WHAT IS NEEDED: No pictures go into the copy. Write out exactly the lines below from the one containing "ఆర్ఎస్ఎస్ ఆధ్వర్యంలో ఆయుధ పూజ - Udayam" through the one containing "ニオイの発生を防ぐ成分".

INFORMATION SUPPLIED:

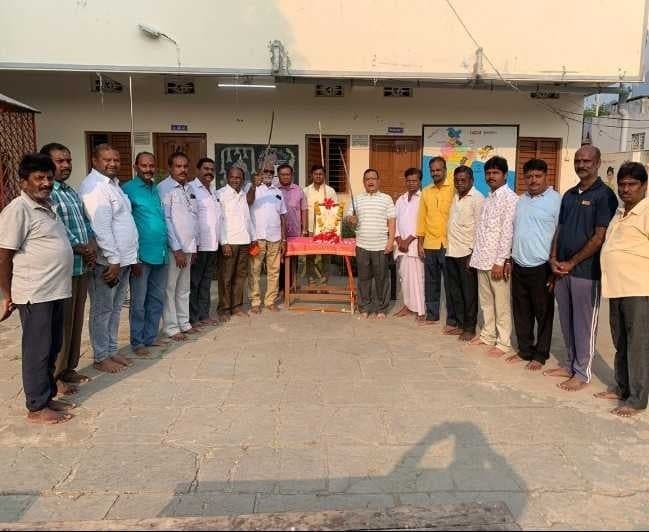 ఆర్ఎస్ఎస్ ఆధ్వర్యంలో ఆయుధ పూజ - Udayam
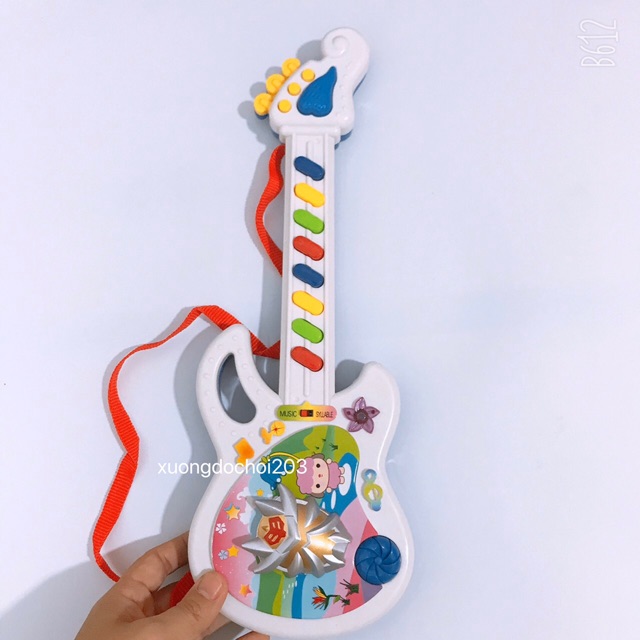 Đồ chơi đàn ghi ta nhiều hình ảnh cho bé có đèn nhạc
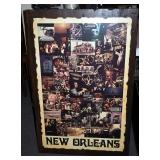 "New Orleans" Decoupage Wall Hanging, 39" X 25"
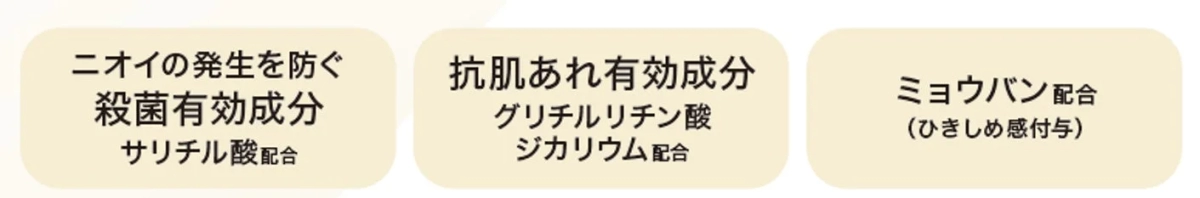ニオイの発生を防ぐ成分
* * *
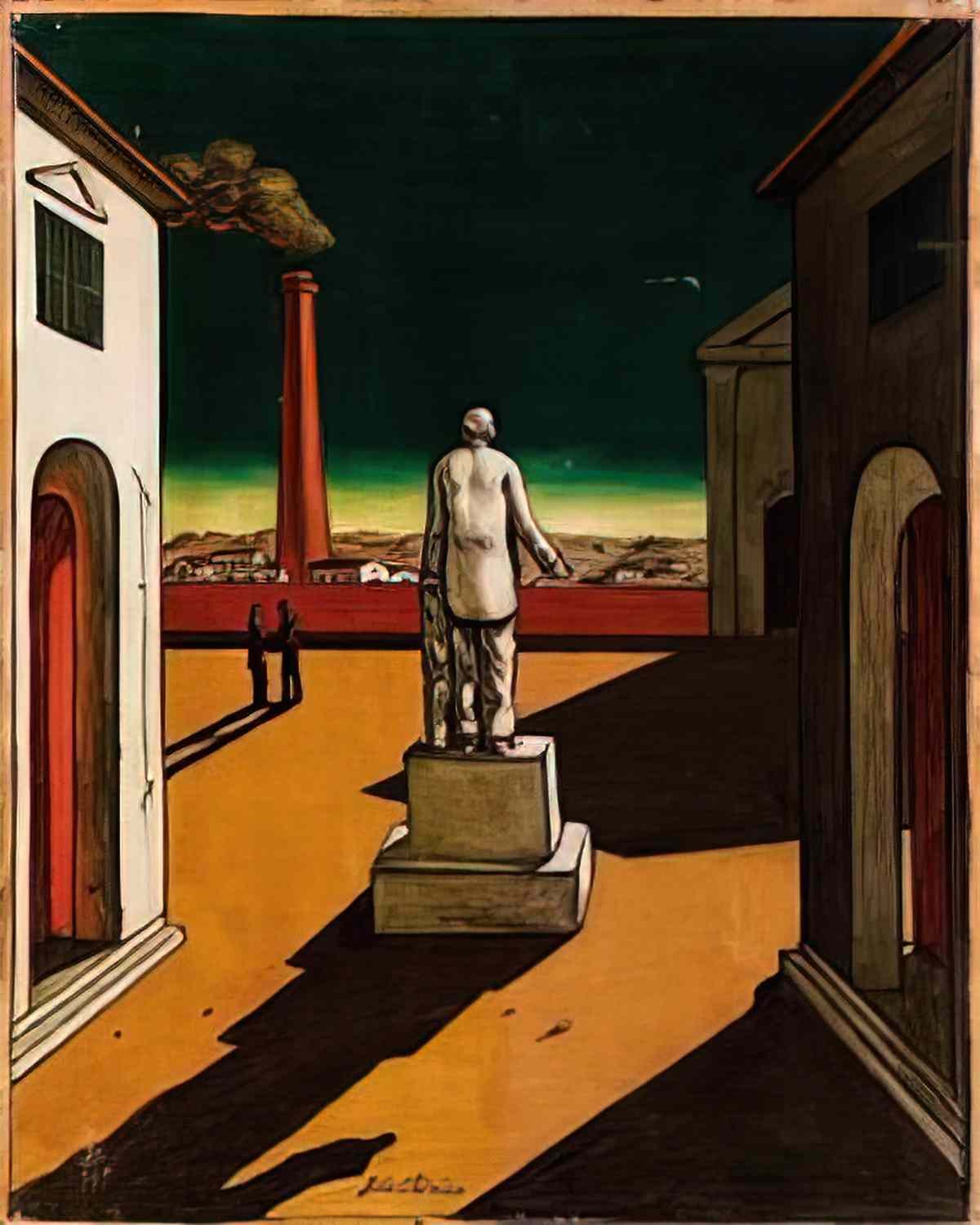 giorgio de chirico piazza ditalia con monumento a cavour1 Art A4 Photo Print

ANSWER TO THIS EXERCISE:
 ఆర్ఎస్ఎస్ ఆధ్వర్యంలో ఆయుధ పూజ - Udayam
 Đồ chơi đàn ghi ta nhiều hình ảnh cho bé có đèn nhạc
 "New Orleans" Decoupage Wall Hanging, 39" X 25"
ニオイの発生を防ぐ成分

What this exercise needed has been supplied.